Déjà, en ce qui concerne les chemins de fer, le Great Western en Angleterre et le métropolitain à Londres l'ont adopté pour une partie plus ou moins grande de leur consommation. Ce combustible est employé par les chemins de fer de Russie et du Caucase. Dans les colonies anglaises des essais importants se font actuellement sur... Enfin les chemins de fer du Japon font en ce moment une étude approfondie de la question.
Au point de vue de la navigation, la Compagnie péninsulaire et orientale prépare des essais sur ses lignes Chine-Japon et Chine-Bombay, plusieurs marines de guerre préparent des expériences.
A partir du 1er juin prochain des dépôts de ce combustible liquide seront en pleine opération à Suez, Colombo, Singapour, Hong Kong, Kobe et Yokohama où les navires pourront s'approvisionner.
Les initiateurs de ce projet, après avoir d'abord créé il y a quelques années de grands dépôts pour la consommation domestique et industrielle dans les différents centres de l'extrême Orient, M. Samuel & Cie de Londres, qui exploitent de vastes sources de pétrole de l'île Bornéo et possèdent une flotte de bateaux-citernes affectés à leurs transports, sont aujourd'hui les organisateurs de ces dépôts destinés aux besoins de la navigation.
Ils ont le désir d'étendre leurs opérations à l'Indochine française en vue du ravitaillement de la Marine et des besoins industriels auxquels dans leur idée viendra sans doute plus tard s'ajouter la clientèle du chemin de fer actuellement en voie de création.

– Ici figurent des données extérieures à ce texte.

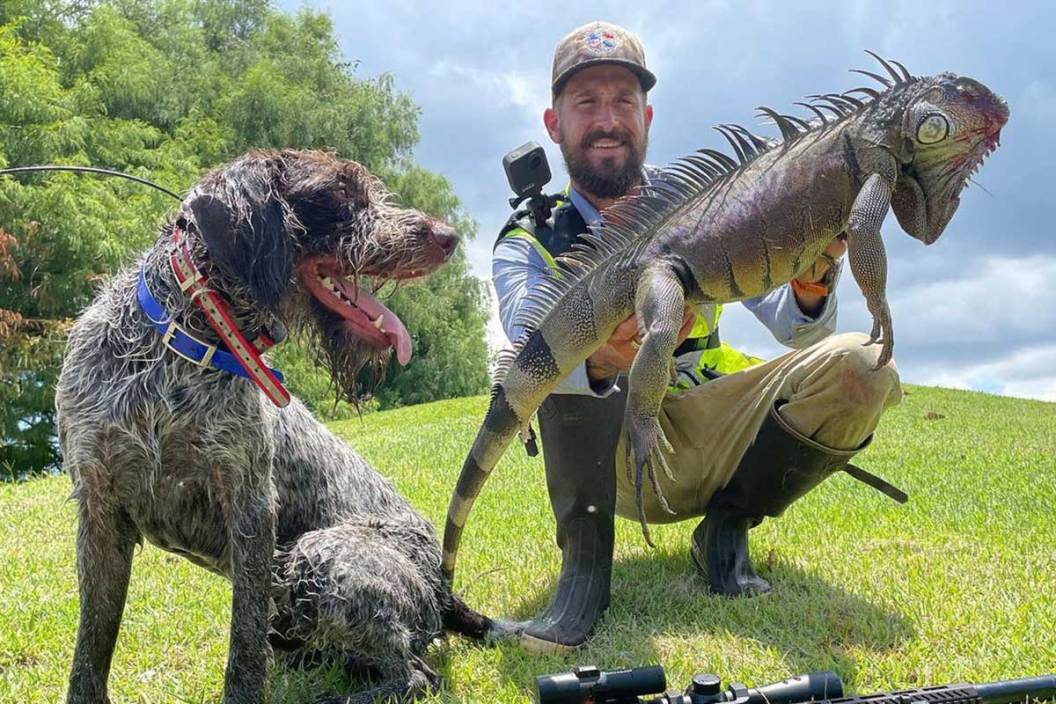 Mike Kimmel, Florida iguana hunter, poses with a harvest and his dog
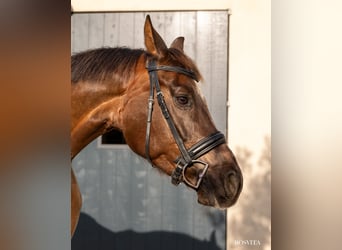 Hanovrien, Jument, 5 Ans, 172 cm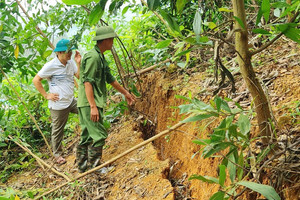 Bắc Giang công bố tình huống khẩn cấp sạt lở đất tại 3 huyện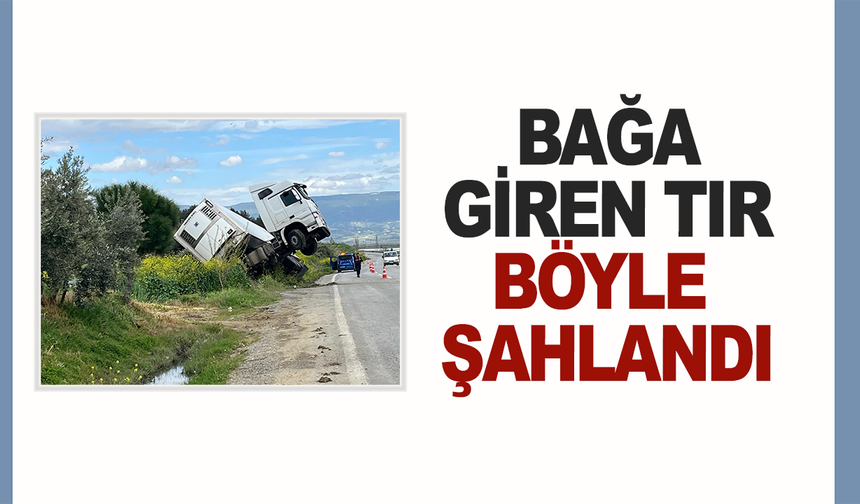 Bağa giren tır böyle şahlandı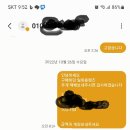금화안경 티스토리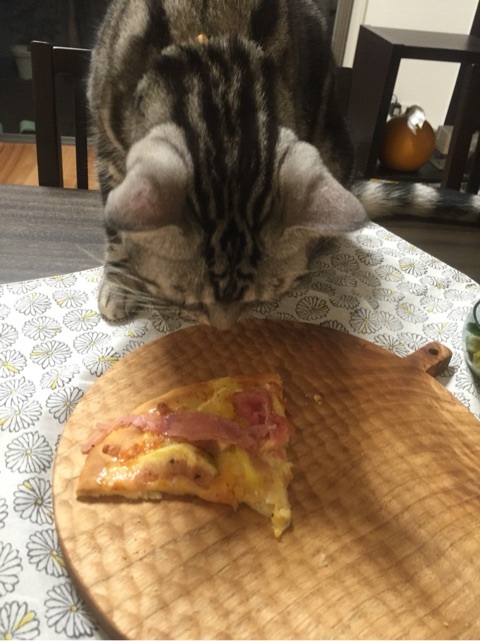 {FFAB86C6-0755-4B63-936D-A27B8339AF63:01}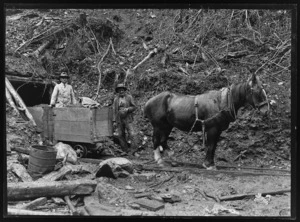 Joseph Divis and Cracker Lewis with horse pulling a wagon of coal on the Golden Lead tramway, near Big River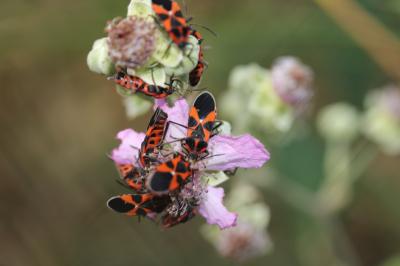  Tropidothorax leucopterus (Goeze, 1778)
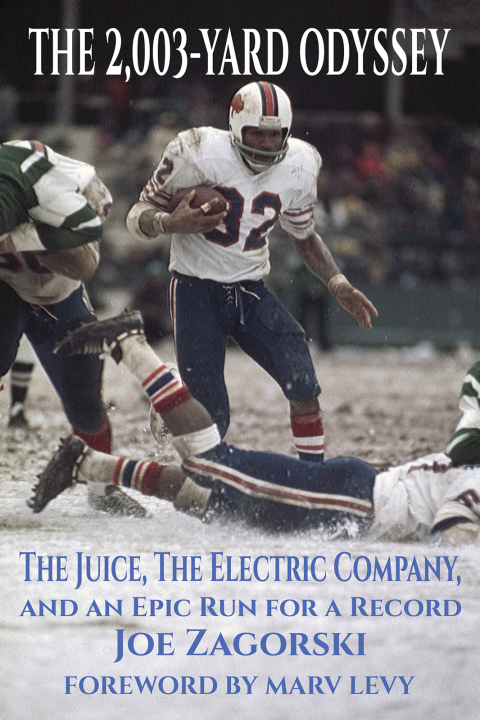 Cover image for book The 2,003-Yard Odyssey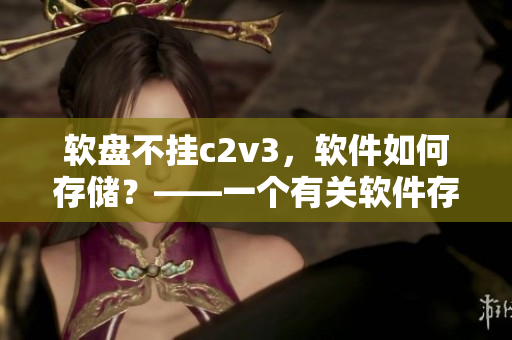 软盘不挂c2v3，软件如何存储？——一个有关软件存储的讨论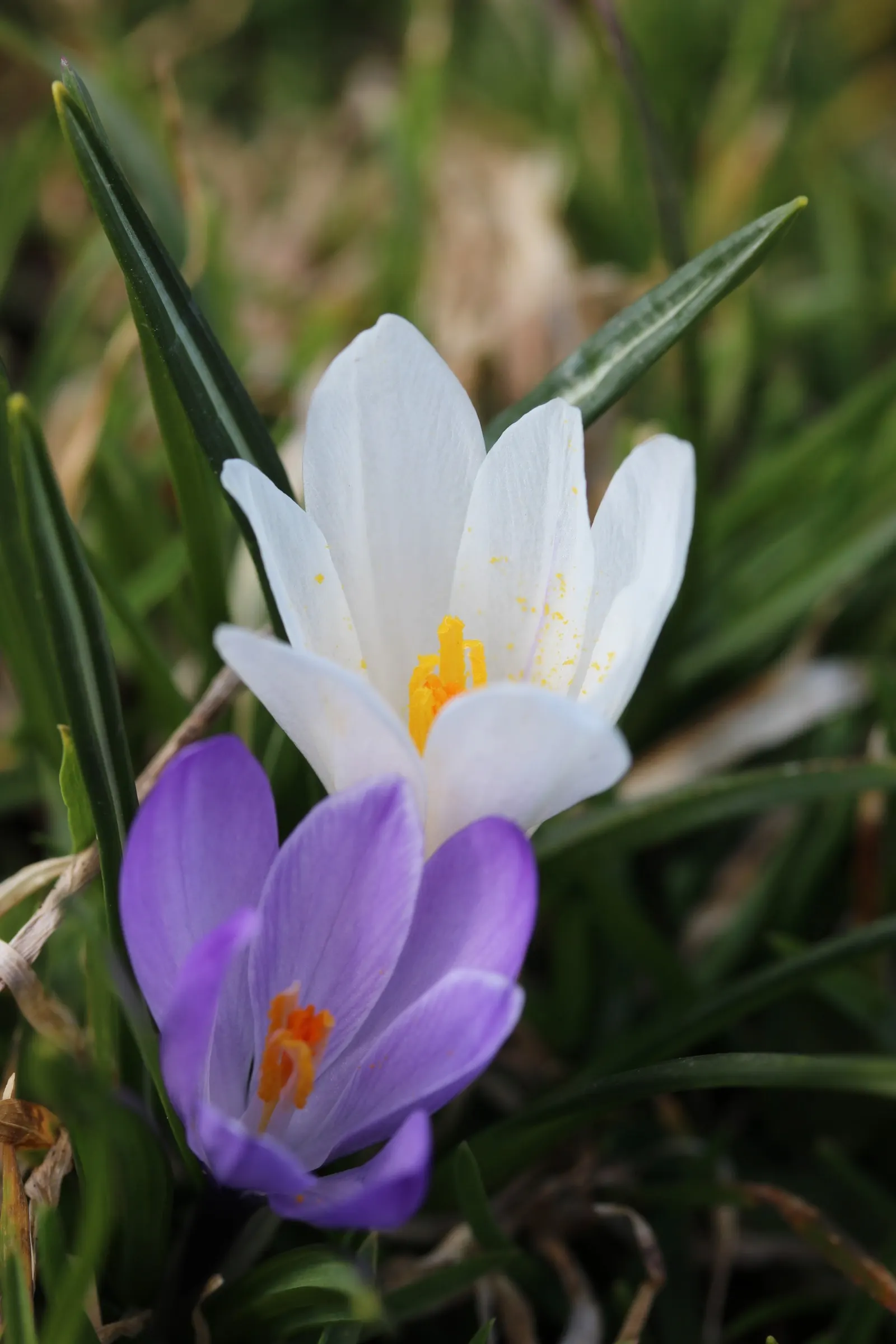 Crocus (Crocus Vernus) — with each bulb producing narrow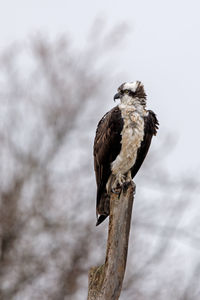 Low angle view of bird perching on branch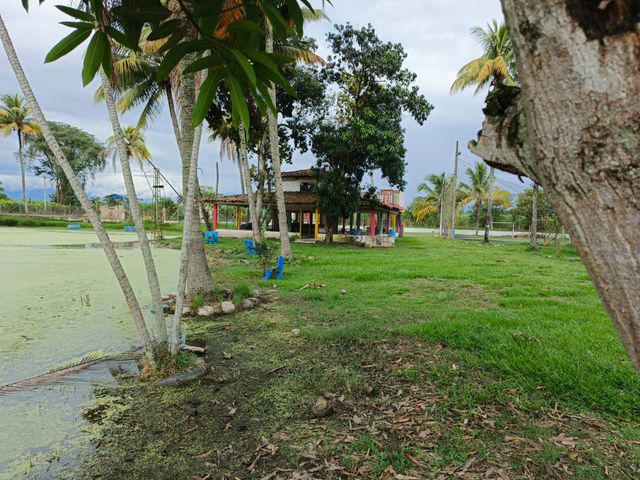 place photo 22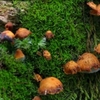 The 'miracle' of mushrooms existing on this Earth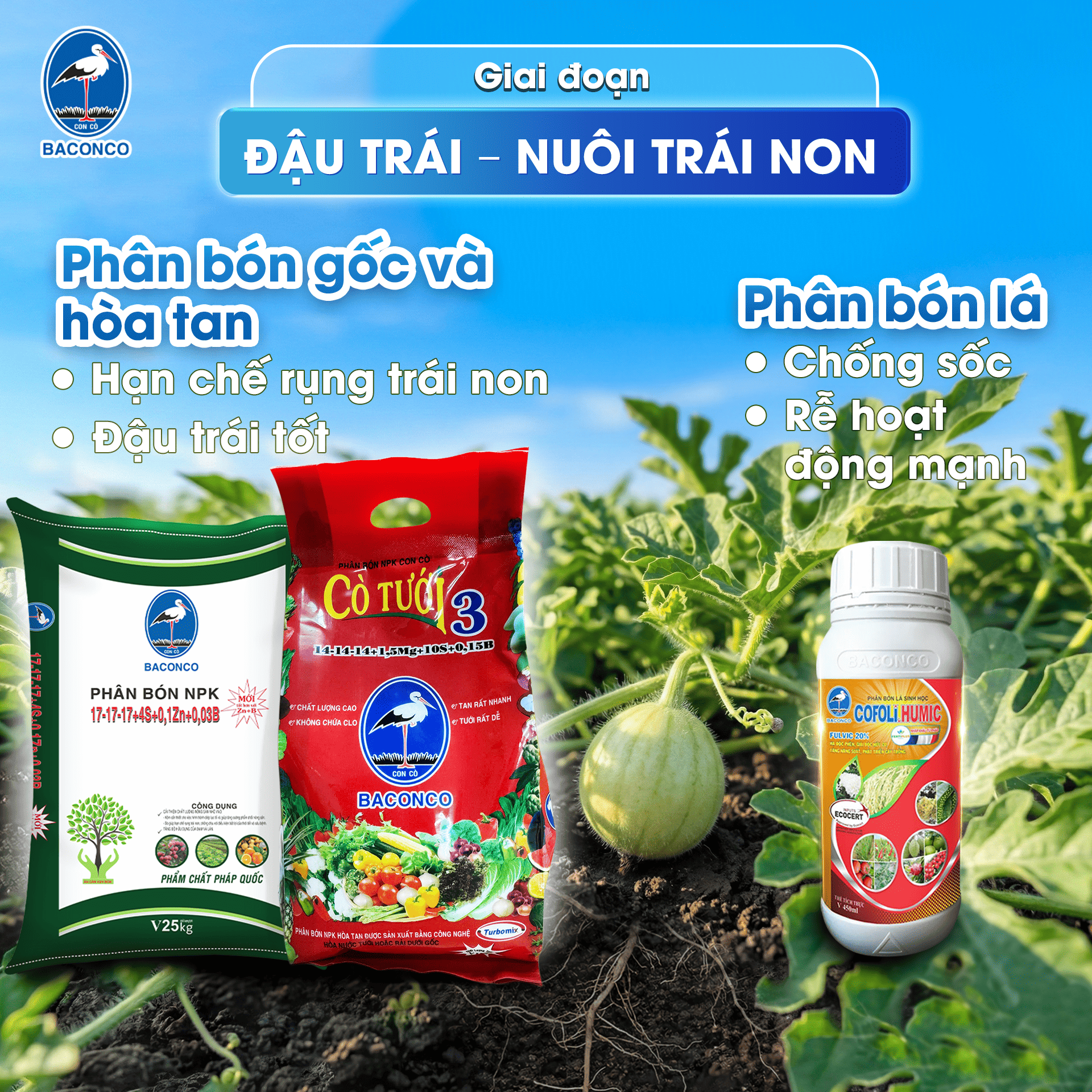 Giai đoạn đậu trái nuôi trái non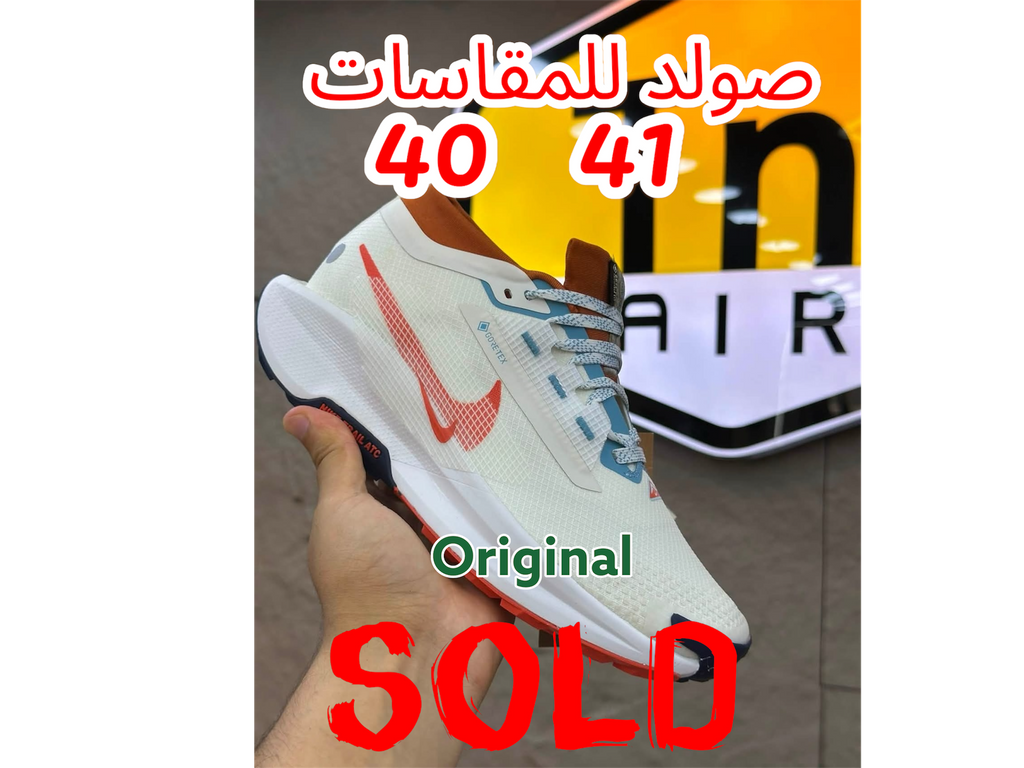 Nike GORE-TEX Trail 5 Blanc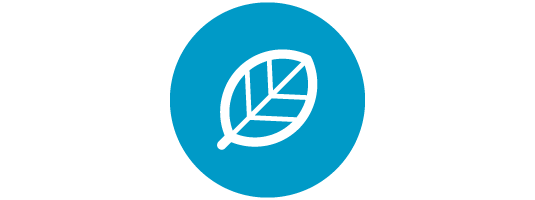 Sustentabilidade: Limpeza para impacto na saúde e no ambiente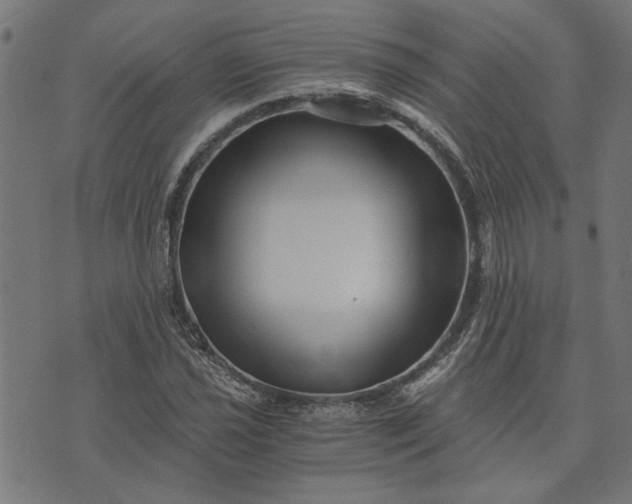 X0000073721021200608171158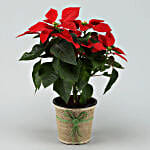Poinsettia Plant Online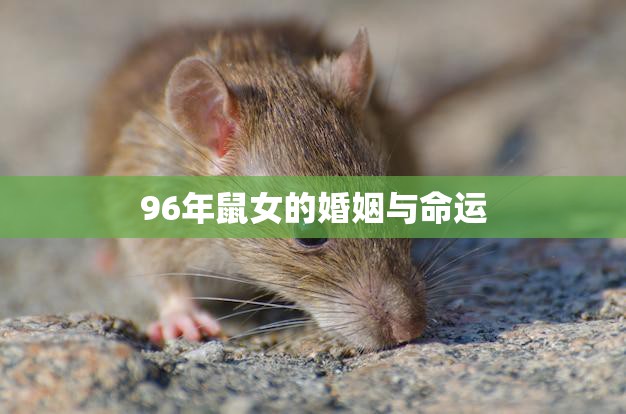 96年鼠女的婚姻与命运(如何影响她的人生轨迹)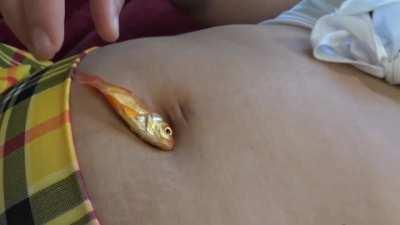 Would you trade places with this goldfish?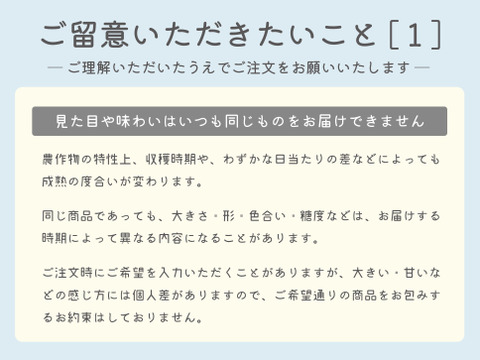 ［訳あり＆加工向け］2023/10/24収穫分・行き先を失ってしまうシャインマスカット（計２ｋｇ以上）＊常温発送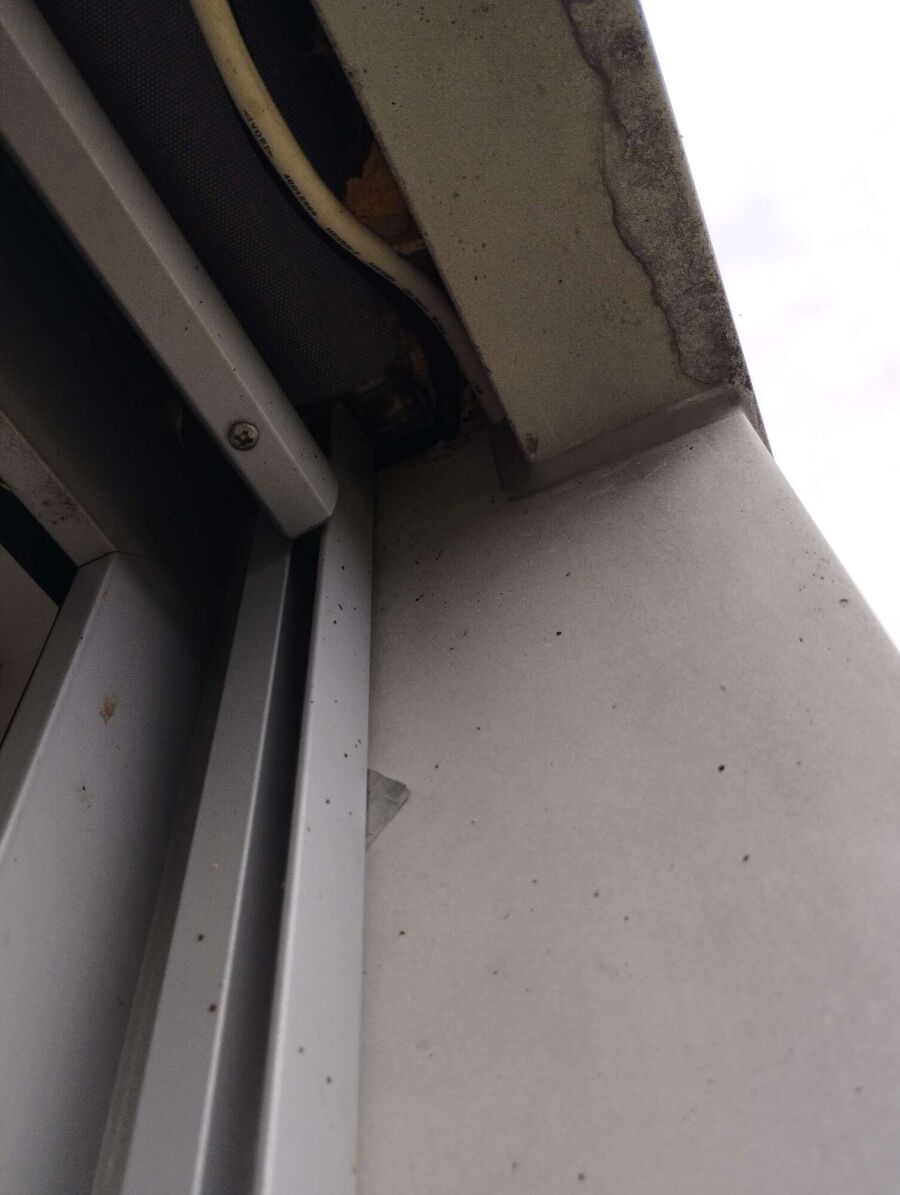 Bee nest at the house remove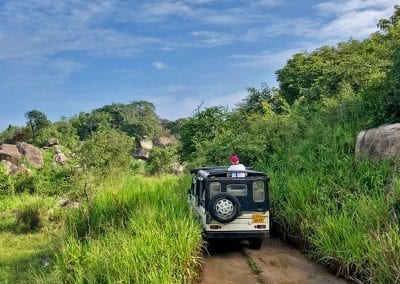 sri lanka eco park safari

Malheureusement, ils se trouvent tout d'abord arrêtés par la situation douanière qu'ils rencontrent dans notre colonie.
De pareilles charges justifiées jusqu'à ce jour par le fait que les tarifs n'avaient visé que le pétrole destiné à l'éclairage, ne le sont plus aujourd'hui lorsqu'elles viennent frapper un simple combustible qui est et doit forcément toujours rester de peu de valeur...
Cette différence entre les deux usages est déjà reconnue dans les colonies anglaises qui, alors qu'elle frappent de droits élevés le pétrole destiné à l'éclairage et le soumettent en même temps à des restrictions sévères en raison de sa nature dangereuse, n'imposent au contraire que des droits à peu près nominaux aux résidus destinés aux usages combustibles et les exonèrent de toute restriction d'entrée en raison de ce qu'ils ne sont inflammables qu'au-dessus de 200 degrés Fahrenheit, et sont par conséquent exemptés de danger.
Ce que M. Samuel & Co sollicitent à Saigon c'est tout d'abord l'obtention des facilités nécessaires à l'établissement et à l'exploitation du dépôt qu'ils veulent créer, et aussi l'adoption d'un tarif douanier qui, distinguant entre le pétrole destiné à l'éclairage et le combustible liquide destiné à l'industrie et à la marine, leur permettent de lutter avec le charbon.